[Caption-style text data]
+--
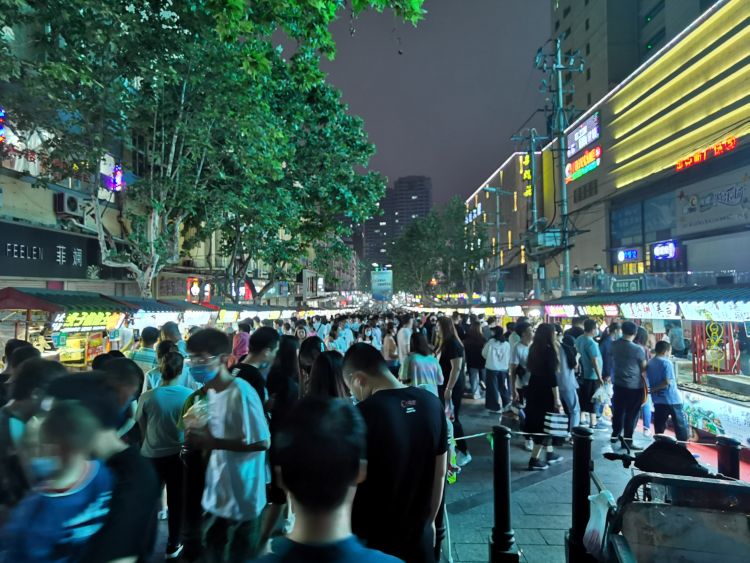 岛城李沧区公交线路加密班次 助力青岛夜经济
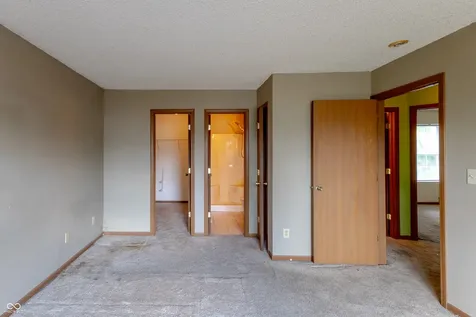 6739 Wandering Way Indianapolis IN 46241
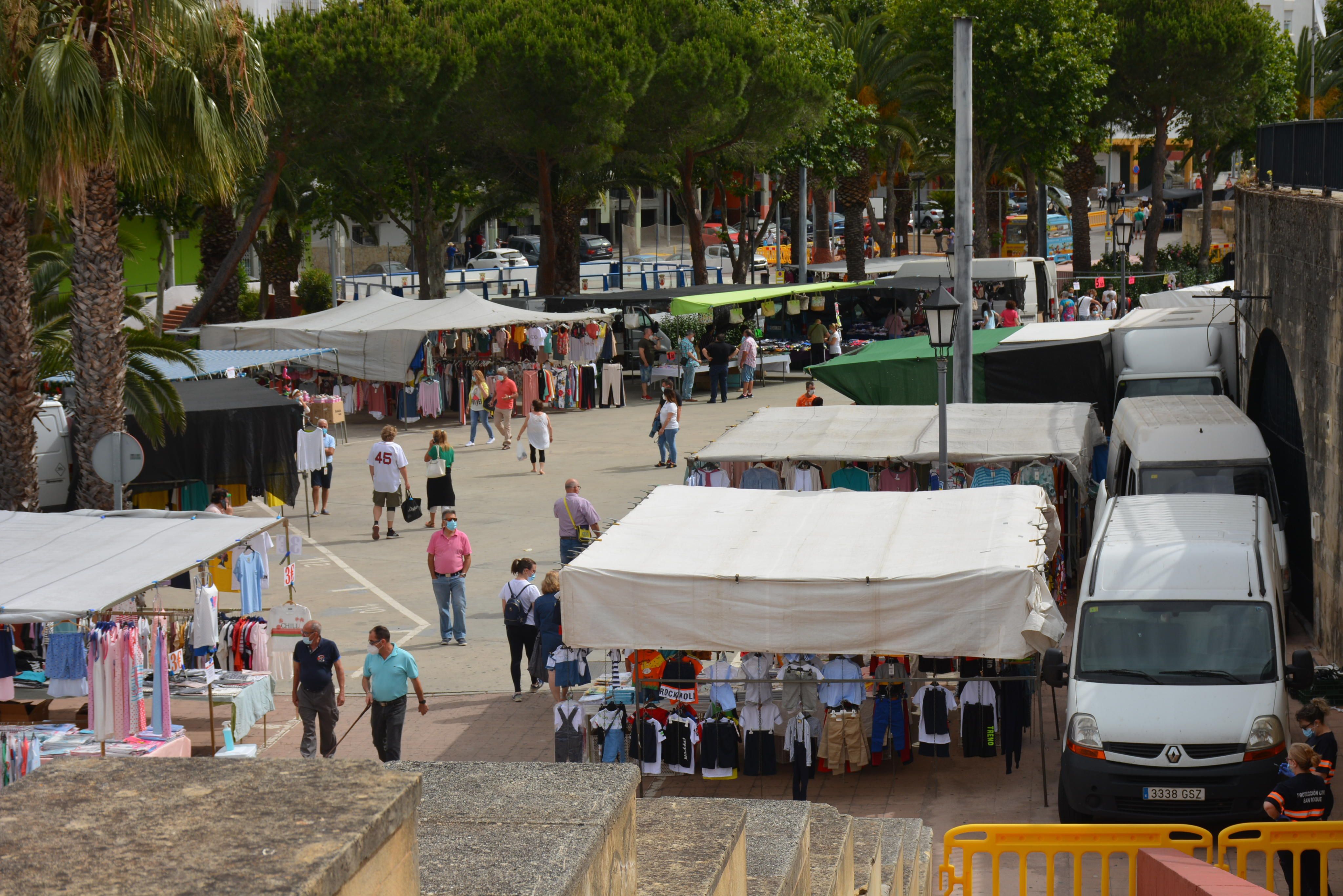 El mercadillo de San Roque se suspenderá durante tres semanas por la Feria Real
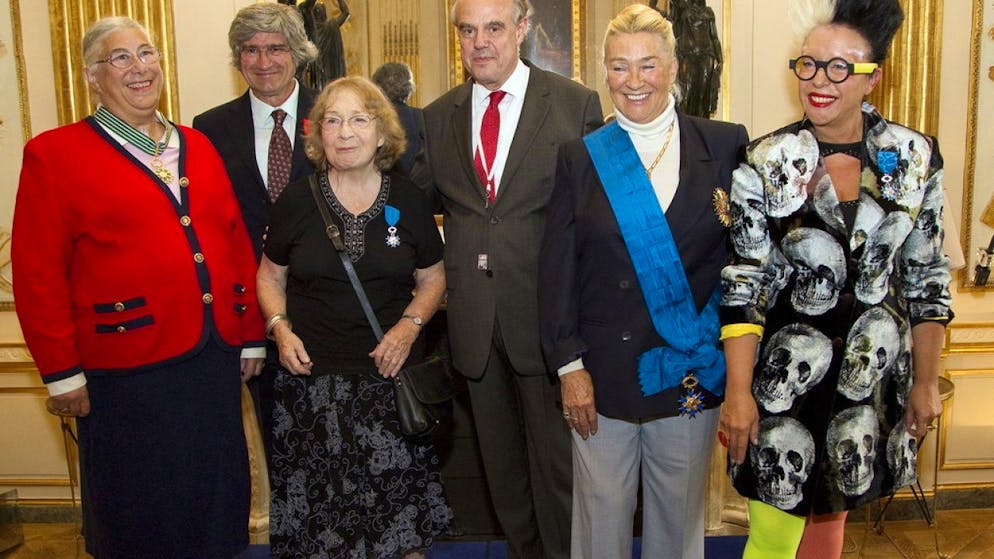 Sabine Weiss (3e à partir de la gauche) à l'occasion de la remise des insignes de Chevalier dans l’ordre du Mérite, le 8 septembre 2010.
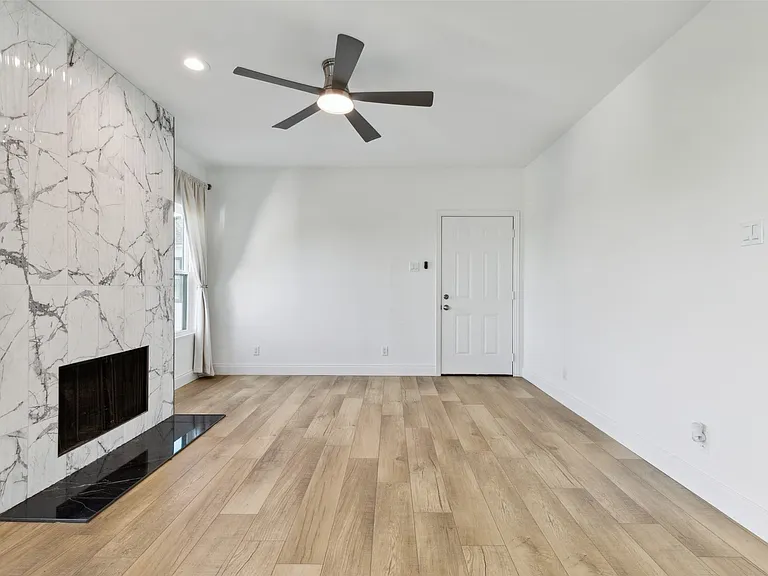 8750 Park Ln #132 — Photo 3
+--
## What needs to be done
Give back exactly the lines from the one containing "El mercadillo de" to the final line of the entries, both included, and no picture.

## Result of the task
 El mercadillo de San Roque se suspenderá durante tres semanas por la Feria Real
 Sabine Weiss (3e à partir de la gauche) à l'occasion de la remise des insignes de Chevalier dans l’ordre du Mérite, le 8 septembre 2010.
 8750 Park Ln #132 — Photo 3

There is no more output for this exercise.